→ **WHAT YOU WILL DO**: Your answer must be exactly the lines from the one containing "25% off children's" through the end of the material, both ends included, without pictures.

=== Begin Enclosure ===

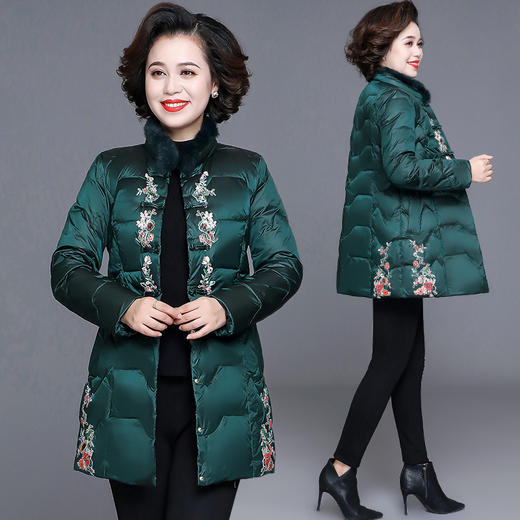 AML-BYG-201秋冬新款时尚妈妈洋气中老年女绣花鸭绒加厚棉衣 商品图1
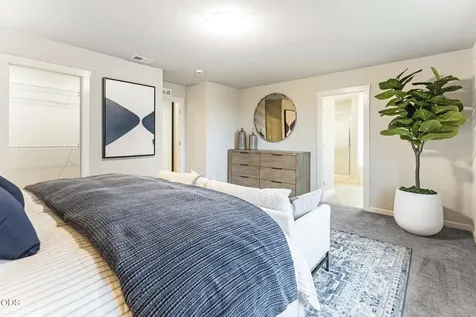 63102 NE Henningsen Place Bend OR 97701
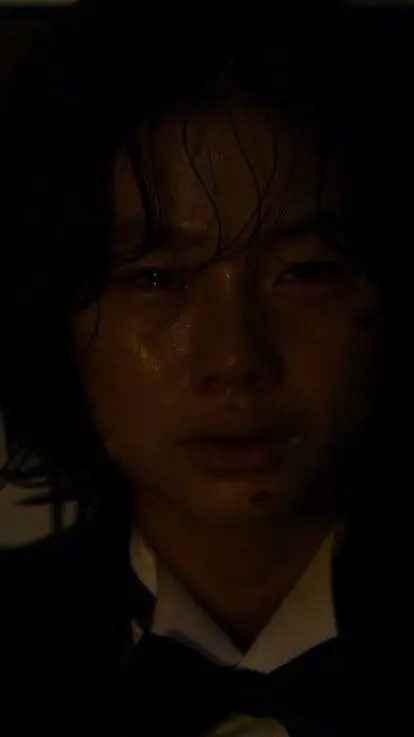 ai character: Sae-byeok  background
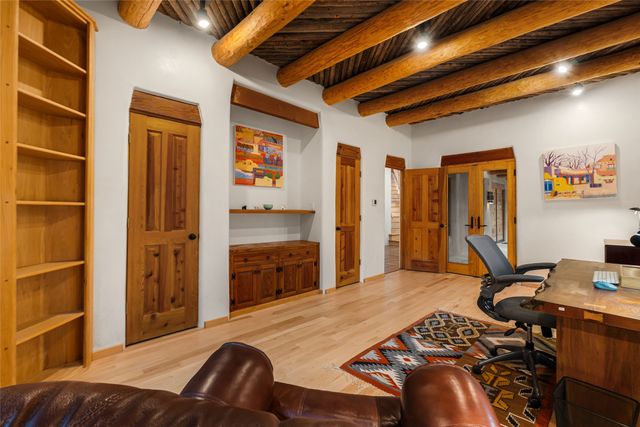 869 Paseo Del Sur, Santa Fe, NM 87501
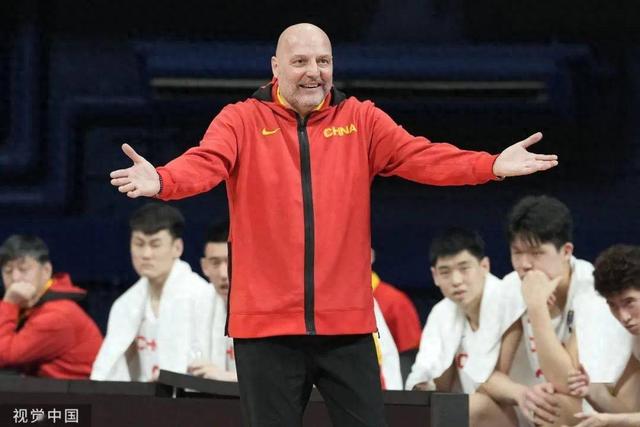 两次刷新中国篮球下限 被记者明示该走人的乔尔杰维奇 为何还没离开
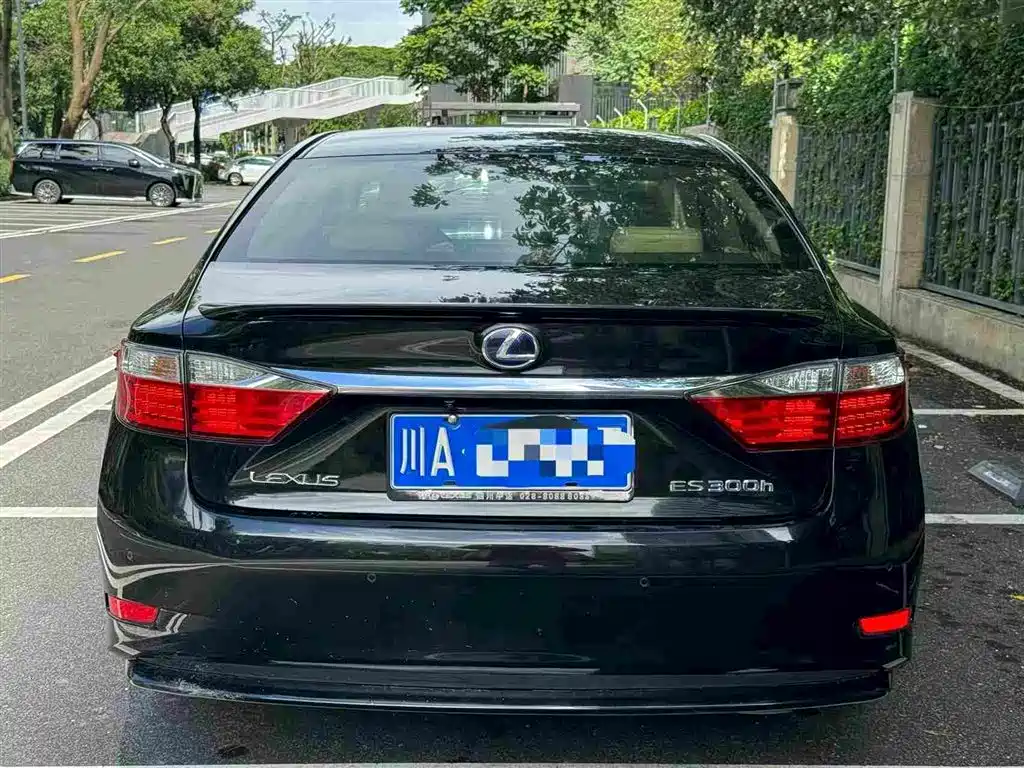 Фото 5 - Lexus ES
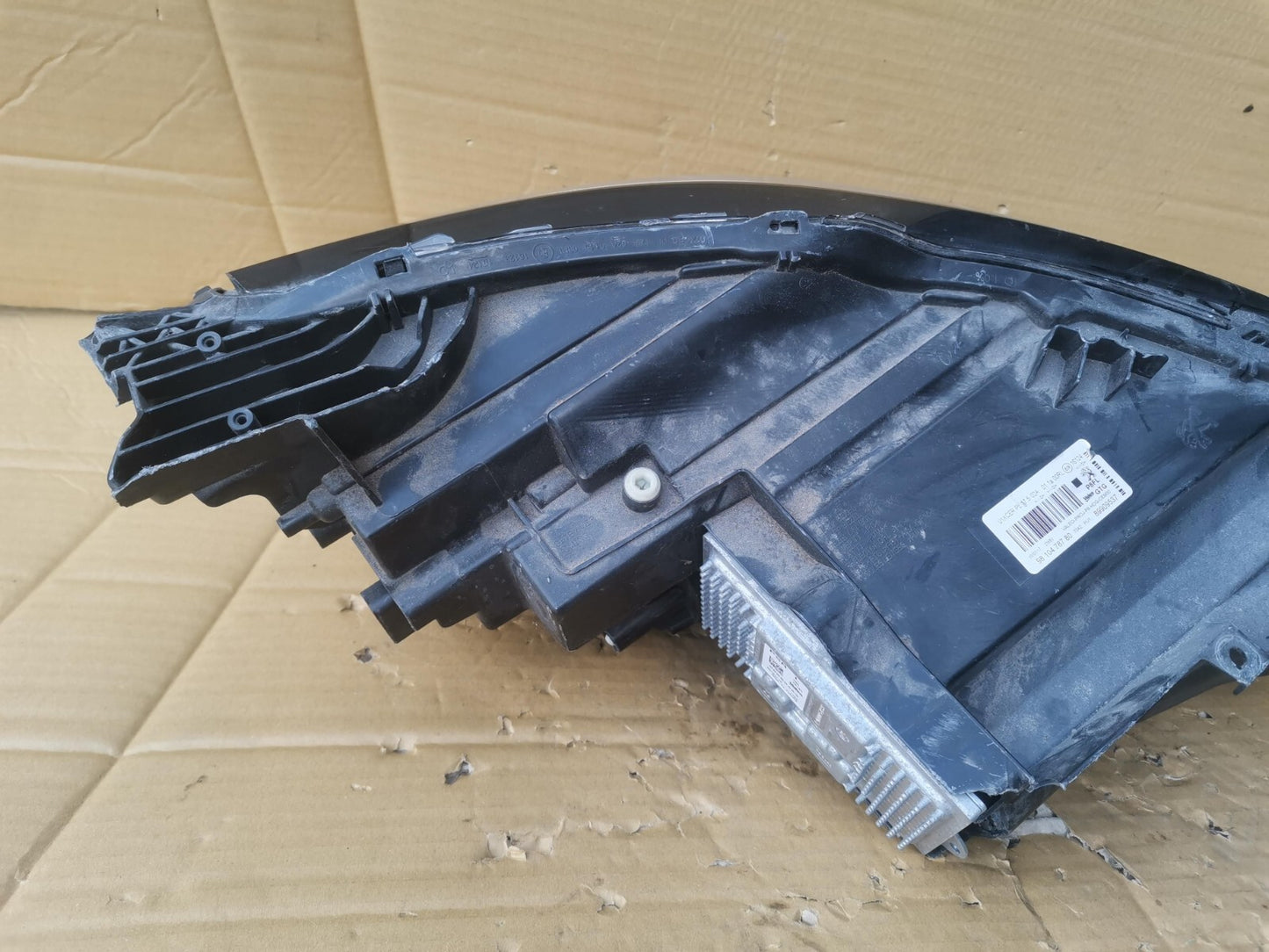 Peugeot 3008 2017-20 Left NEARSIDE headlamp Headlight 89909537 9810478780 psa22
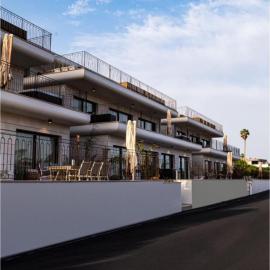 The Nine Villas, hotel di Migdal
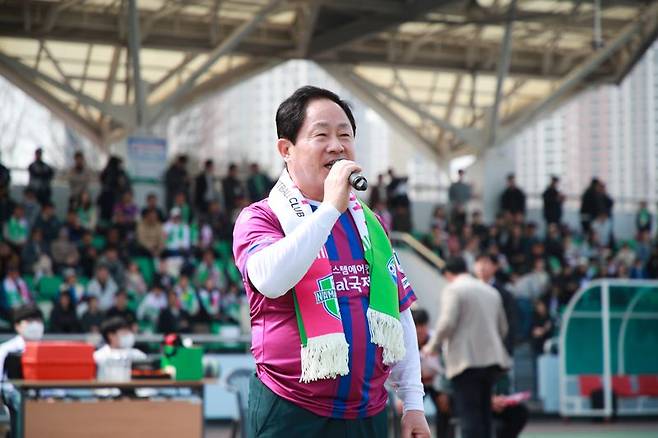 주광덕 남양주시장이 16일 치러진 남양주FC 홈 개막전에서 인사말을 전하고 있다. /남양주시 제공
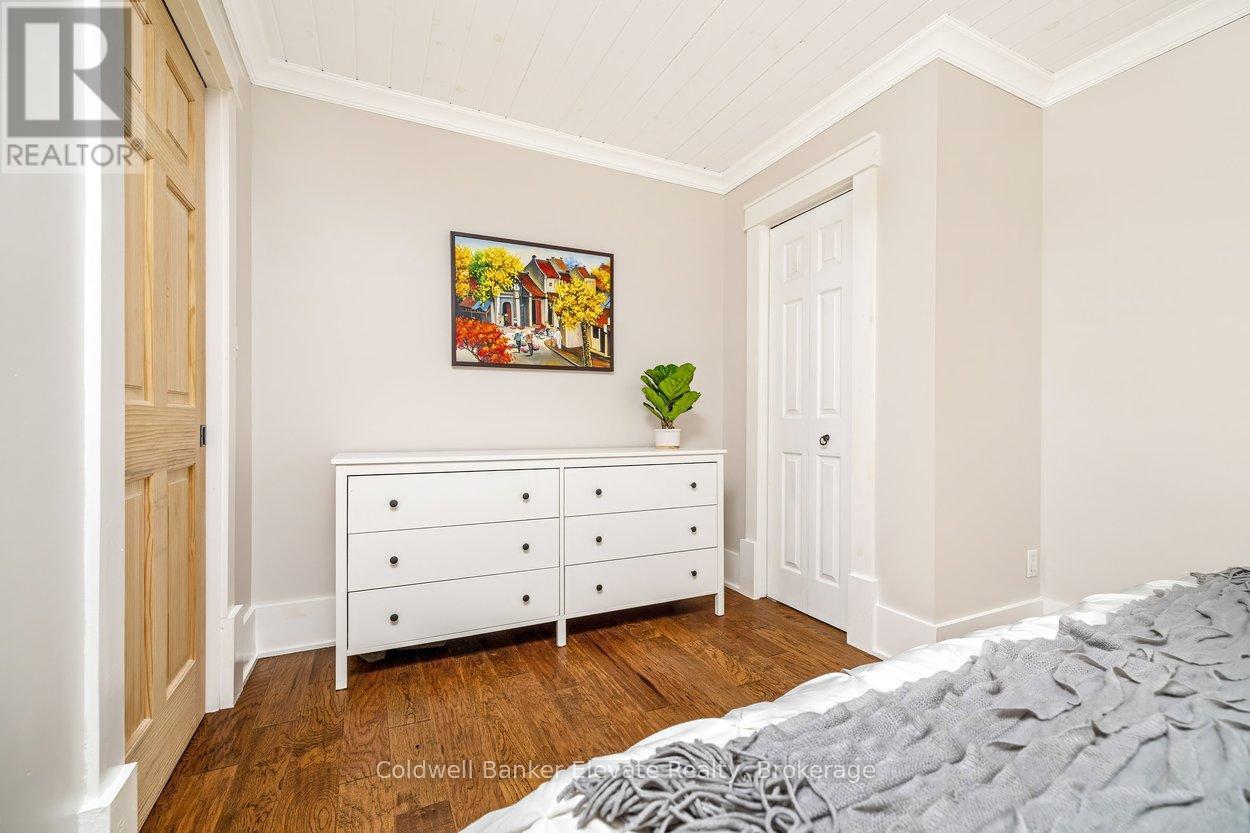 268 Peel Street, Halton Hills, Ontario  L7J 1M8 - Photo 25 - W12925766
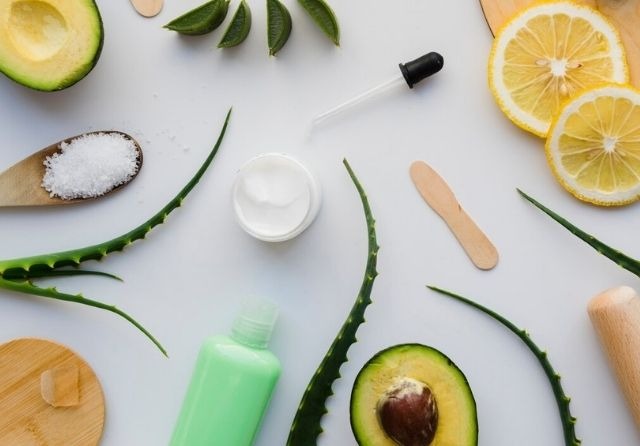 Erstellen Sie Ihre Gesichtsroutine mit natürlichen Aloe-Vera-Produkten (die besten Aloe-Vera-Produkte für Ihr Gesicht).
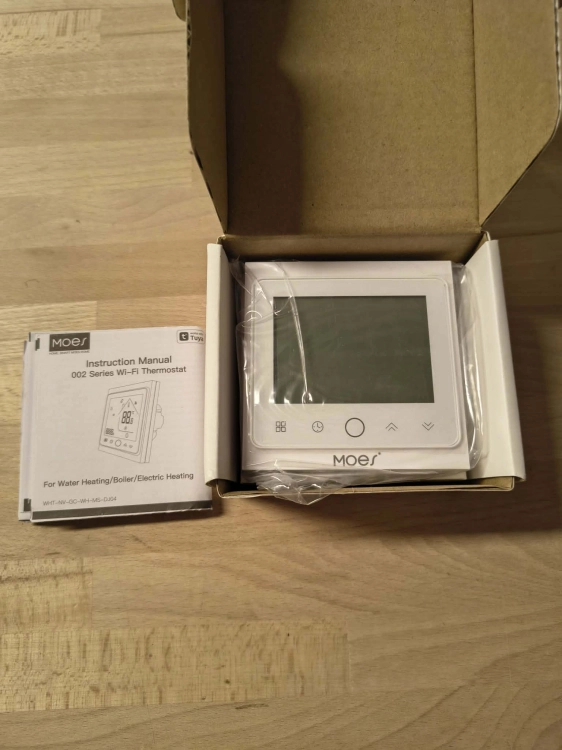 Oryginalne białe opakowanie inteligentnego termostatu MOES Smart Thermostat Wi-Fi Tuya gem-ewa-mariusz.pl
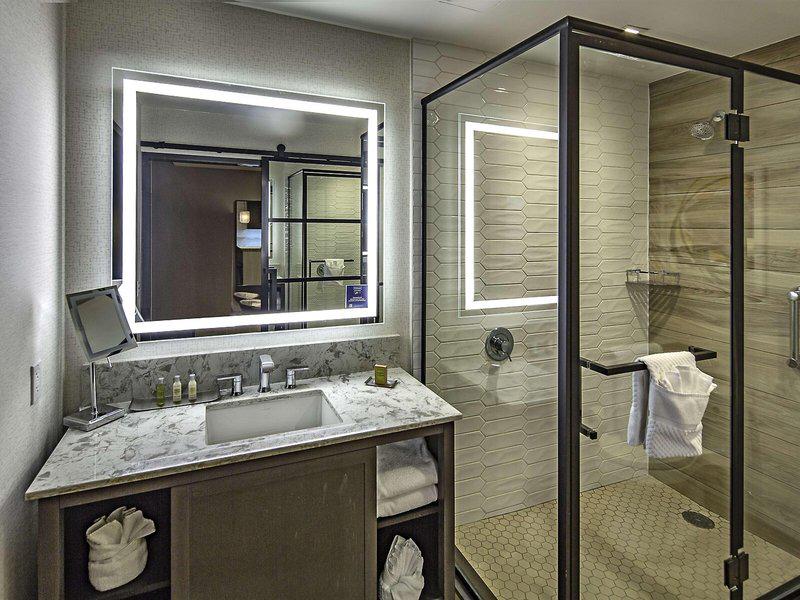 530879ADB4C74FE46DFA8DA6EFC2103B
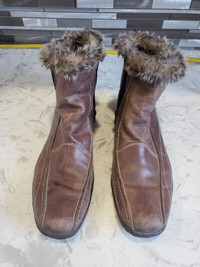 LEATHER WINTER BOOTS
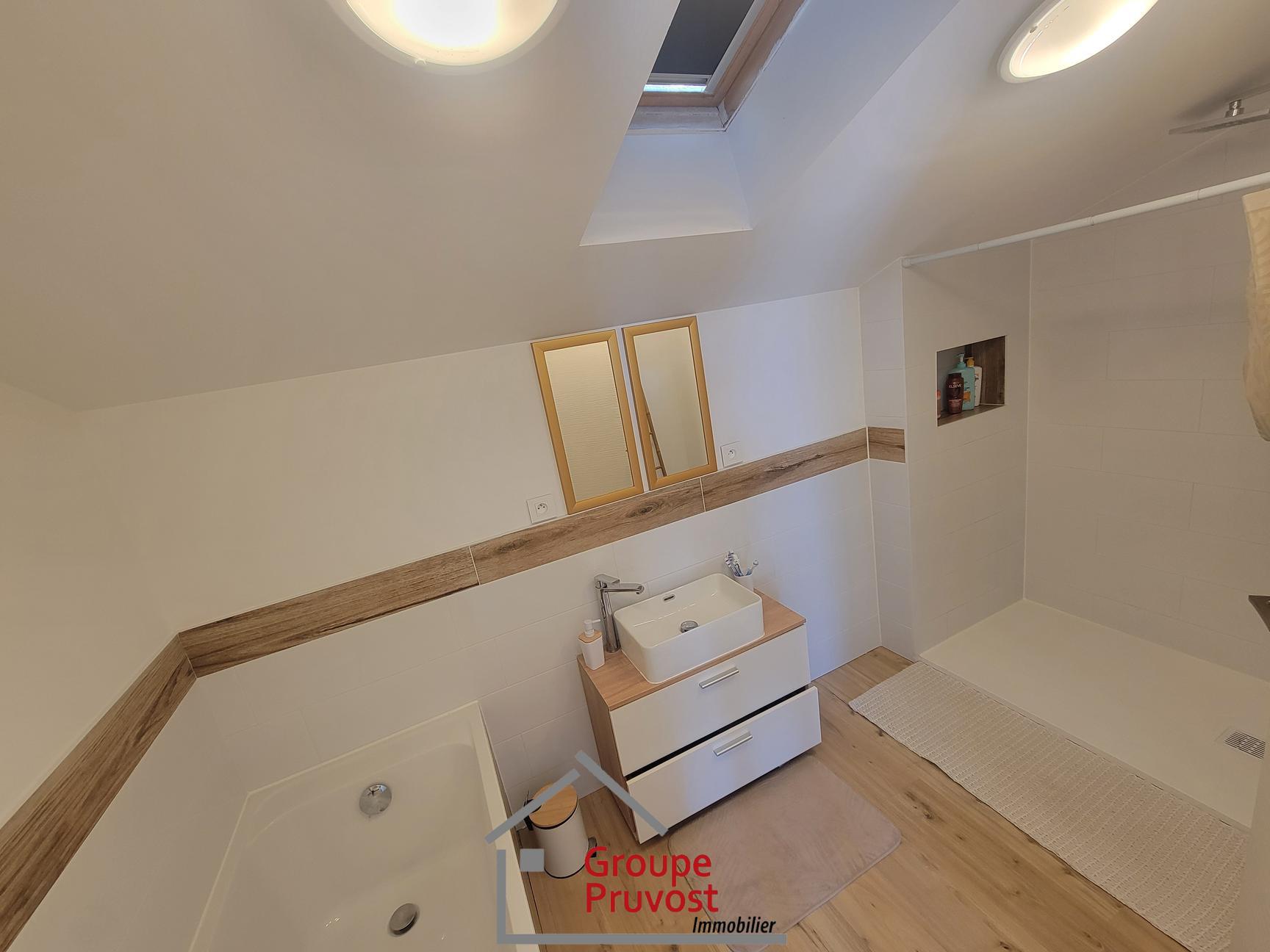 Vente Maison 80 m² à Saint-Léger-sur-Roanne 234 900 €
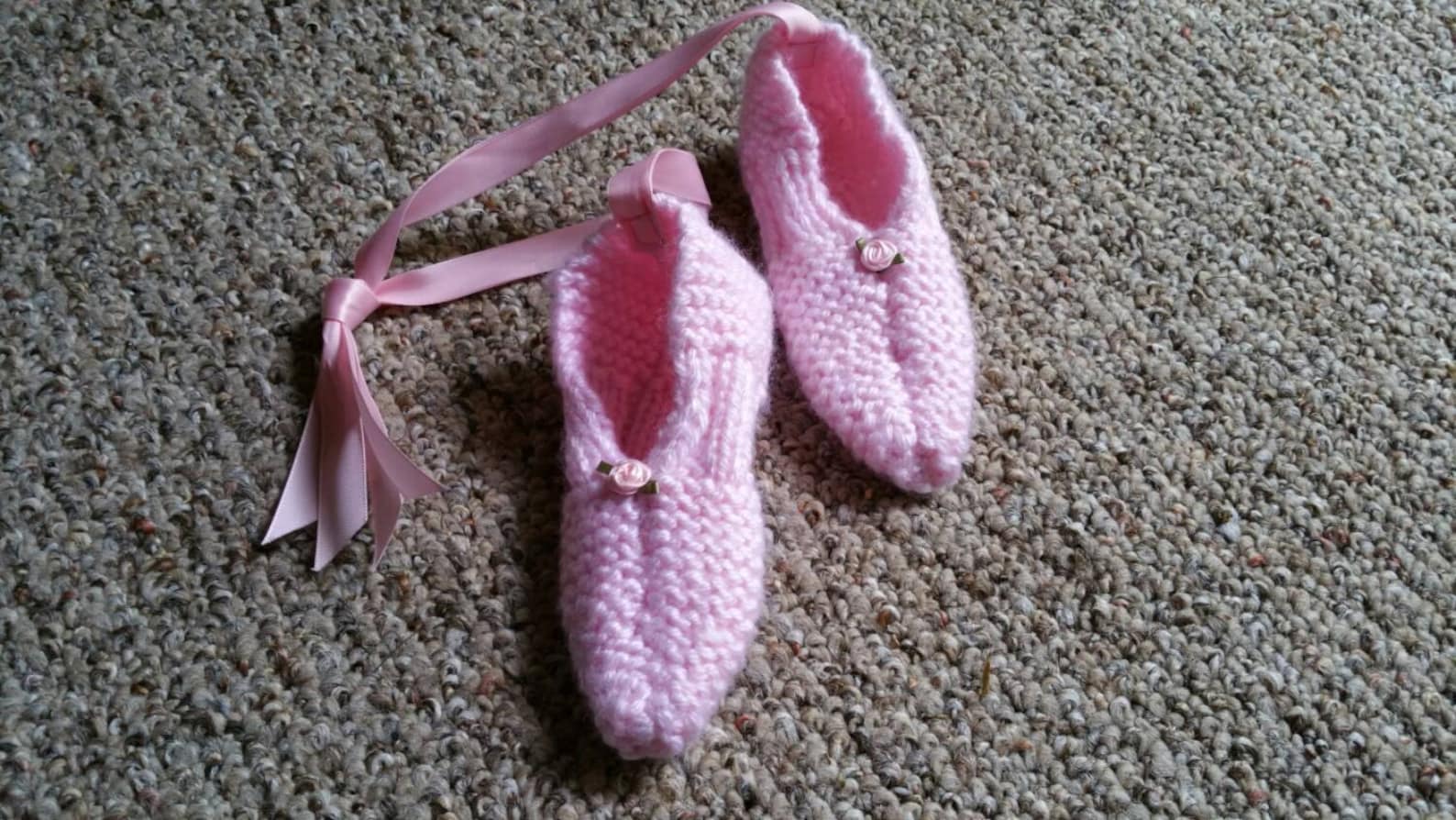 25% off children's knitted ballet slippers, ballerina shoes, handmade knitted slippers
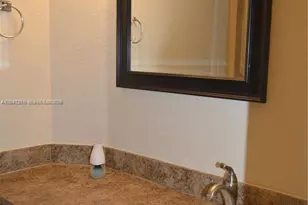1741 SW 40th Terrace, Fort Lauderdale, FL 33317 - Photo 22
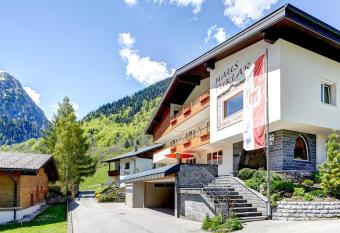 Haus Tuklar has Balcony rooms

=== End Enclosure ===

→ **SOLUTION FOR THIS PROBLEM**:
 25% off children's knitted ballet slippers, ballerina shoes, handmade knitted slippers
1741 SW 40th Terrace, Fort Lauderdale, FL 33317 - Photo 22
 Haus Tuklar has Balcony rooms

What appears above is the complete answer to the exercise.